Redford powers through solo screen voyage in 'All Is Lost'
Actors don't get much more iconic than Robert Redford. A Hollywood superstar since the 1970s, he founded the Sundance Film Festival, Institute, and cable TV channel in support of emerging filmmakers, and has been a tireless activist for the environment. His one-man seagoing thriller, All Is Lost, is a gift to fans who want to see Redford in action.
But it also feels like a gift from a grateful industry to Redford, a harrowing physical workout of a film that shows off what his 77-year-old body is capable of, while proving that Redford can still command the screen for 100 minutes all by himself.
The movie is written and directed by J. C. Chandor (Margin Call)—although "written" is a relative term in a film that is almost completely without dialogue, except for a few sparse sentences spoken at the very beginning. There is a definite narrative shape to the story, however, and a strong emotional arc that Redford's character undergoes.

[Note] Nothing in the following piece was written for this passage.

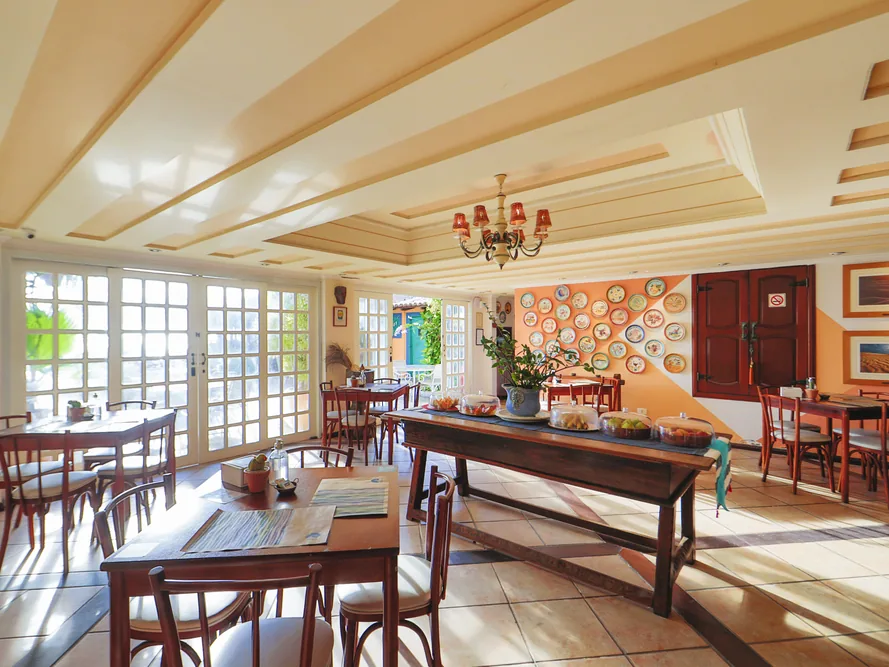 Salão do restaurante do Manary Praia Hotel com mesas de madeira, lustre e pratos decorativos na parede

Like Gravity, it begins at what seems to be an ending: a lone sailor finds his craft and equipment disabled hundreds of miles from anywhere out in the middle of the ocean. It's a slightly less enthralling, more claustrophobic experience than Gravity, but All Is Lost is similarly intense in exploring the outer limits of human tenacity.
1700 nautical miles from the Sumatra Straits in the Indian Ocean, an unnamed sailor wakes up to find his 39-foot yacht taking on water. We have no idea why this obvious Yank of a sailor (his boat is called the Virginia Jean) is out here alone, and we never find out.
All we know is that water is suddenly rushing in through a window over his desk in the cabin below, flooding his computer and radio equipment.
To avoid spoilers, any further discussion of the plot should end here. Suffice it to say that tribulations involve a massive storm at sea, dwindling food and water supplies, desperate repairs, an inflatable life raft, sharks, and of course, fear itself.
Redford resonates with the audience as a gritty Everyman who refuses to give up. Kudos are due the veteran star in this physically and emotionally exhausting turn for keeping viewers involved—as the sailor keeps his wits together— through sheer strength of will.